Date: Tuesday, July 8, 2008, 1:01 AM
Subject: Dave Stringer at Yoga Soup next Sat July 19th
ID: 262390
Dear music lovers of the CEN,
Just to let you know that awesome rocking Dave Stringer is coming back to Yoga Soup next Sat July 19th. I think you know this is a show you won’t want to miss. Looking forward to chanting and dancing with you all! Peace love and kirtan,
Sarah
DAVE STRINGER
Saturday, July 19, 8:00 PM
Yoga Soup
28 Parker Way
Santa Barbara, CA 93101
805-965-8811
www.yogasoup.com
www.davestringer.com
Tickets $20 in advance
$25 day of show
Dave on Myspace
http://www.myspace.com/davestringer
? "Dave is the American rocker of devotional music. His music and chanting has a strong jazzy rock and funk groove, which compels your soul to dance. Dave always puts his whole heart into his songs. His full blast style is contagious and so if you want to get down and rock from the depths of your heart as you chant..... then Dave Stringer is the man". -John Friend, founder of Anusara Yoga
Dave Stringer's concerts are an experience to be remembered. Dave has a "volcano of a voice" says LA Yoga Pages, and once you've seen him perform live, you'll understand how powerful that voice can be. The slowly building nature of kirtan music is in its most vibrant form at Dave's concerts, starting with an inner calmness that builds to an earth-shaking, dance-inducing fervor.
What is Kirtan?
"I don't know which to prefer, the beauty of inflections, or the beauty of innuendoes. The blackbird whistling, or just after." --- Wallace Stevens
Mantras quiet the mind, and music frees the heart. The intention of kirtan is consciousness transformation, directing the singers to vanish into the song as drops merge into the ocean. The musicians and the crowd coalesce in a cloud of intelligence, turning together like a flock of birds, until the song itself vanishes into the skies of silence.

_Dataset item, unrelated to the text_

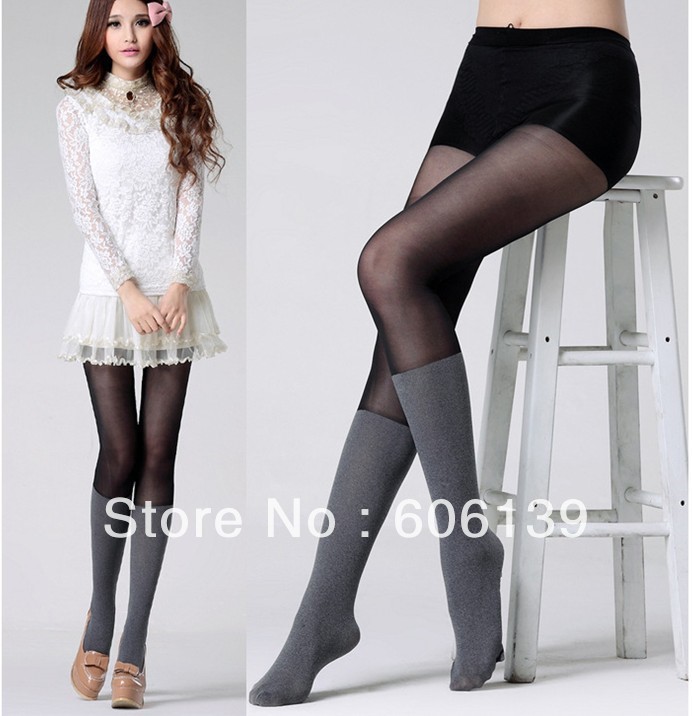 2872 Korea edition socks Sesame velvet splicing silk stockings tights 5pcs/lot Free Shipping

Kirtan (from the Sanskrit word for singing) is easily learned and instantly memorable. The form is simple: a lead group calls out the melodies. The crowd responds, clapping and dancing as the rhythms of tablas, finger cymbals, harmonium, tamboura, electric bass and guitar build and accelerate. The mantras are projected overhead, making them simple to follow.
Sanskrit is the mother tongue of many modern languages, and a kind of periodic table of elemental sound-meaning. The mantras are primarily recitations of names given to the divine. But perhaps the true understanding of the mantras can be found in the sense of unity, well-being and timelessness that they elicit. Ecstasy is both the process and the product.
"Listen friend, this body is his instrument. He draws the strings tight, and out of it comes the music of the universe." --- Kabir
Kirtan has become popular as a participatory live music experience for yogis of all styles and forms. Dave's unique sound fuses the transcendent mysticism of traditional instruments with the exuberant, groove oriented sound of American gospel, jazz and funk.
Divas & Devas, Dave's beautiful new album of East Indian Kirtan with contemporary arrangements, is sung as male-female duets, in Sanskrit, Hindi and Marathi. The album is rich with the romantic and intimate interplay of masculine and feminine, symbolizing the larger more relationship of the human and the divine. The arrangements also echo this dual interplay employing traditional Indian instruments such as tablas, sarangi and santoor, along with Western instruments such as vibes, cello, trumpet, flute, mandolin and lap steel.